This is not a problem that needs a solution. It's yet another developer (or
wanna-be 'need a job in development' person) who needs a puff portfolio piece
that shows he knows how to connect a few database fields with a front-end
display - and mixed with search! Wow! (Well, it mostly works anyway).

I have yet to see one of these ShowHN pieces be anything but the latter. They
should split ShowHN into ShowHNFluffYouBuiltToGetAJob and
ShowHNStuffThatSavesLives, because I'd only be interested in the second one.

And of course, you have to have your submissions vetted by the guy who not
only "promises" to always maintain this (I call), but who obnoxiously floats
his Twit handle over the footer as you scroll... he either doesn't believe in
crowd-sourcing genuinely or doesn't want to deal with a user-end database.
Likely, he'll turn that "I don't charge to be listed" into "listings are only
$99/year" pretty quickly.

Whoever said this guy was solving a "simple and actual problem" is sadly
misleading this poor fellow. It was not a problem. Conferences are not
concerned that there are not enough listing sites out there. Conference
attendees are aware of, in their respective circles, where to go and what to
attend. It's not a simple problem. It's not a problem at all.

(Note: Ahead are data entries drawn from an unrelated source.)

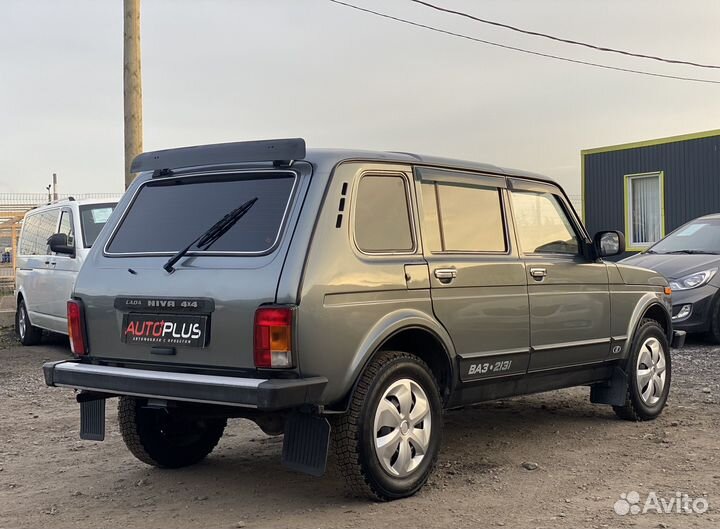 LADA 4x4 (Нива) 1.7 МТ, 2013, 83 000 км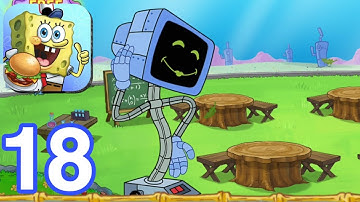 SpongeBob: Krusty Cook-Off - Max LeveI Gameplay Walkthrough part 18 - Sandy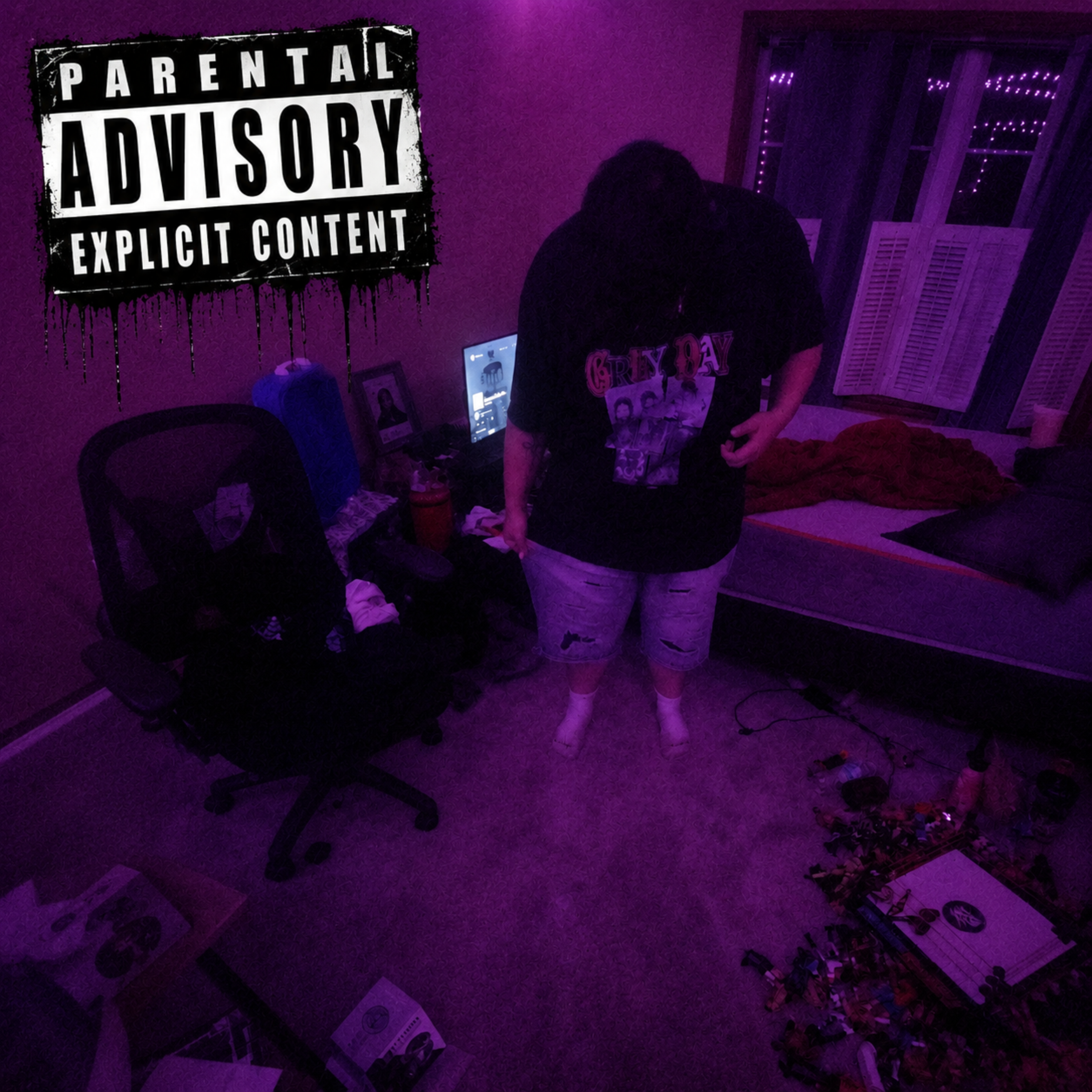 Smoky Sillhouette by YK$CURRY cover art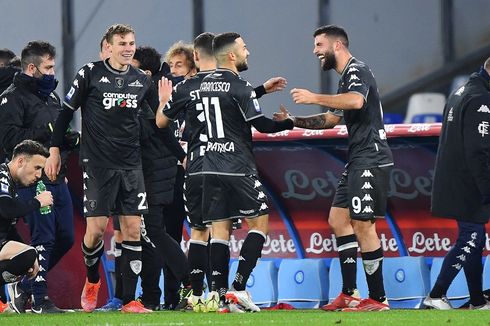Napoli Vs Empoli, Buang-buang Peluang Buat Skuad Spalletti Tumbang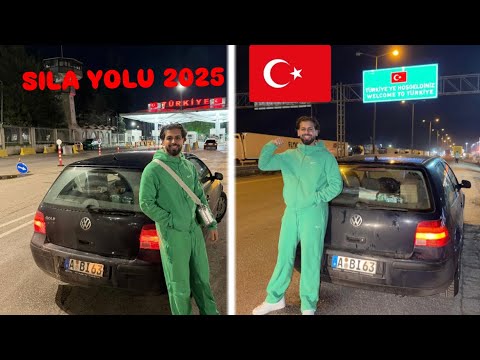 Driving to Turkey in a €200 car...😱 I SILA YOLU 2025 VLOG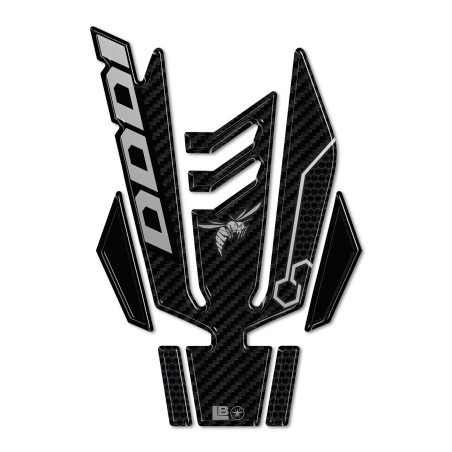 3D Gel Sticker Tank Guard compatible with Honda Hornet 1000 2025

What is a problem is the proliferation (i.e. clutter) of the internet of
everyone and their sister building fluffy stuff with .co and .io domains. Can
I just block all such domains from my browser? My internet would actually be
better if I could.

Sigh... the death of the Yahoo Directory was heading toward this all along,
wasn't it?

------
wanderr
Does this do direct match on location only, or search in a radius? San
Francisco only shows things happening in the city proper, no surrounding
areas. Could be that's all there is but I'd expect other parts of the bay to
show up as well.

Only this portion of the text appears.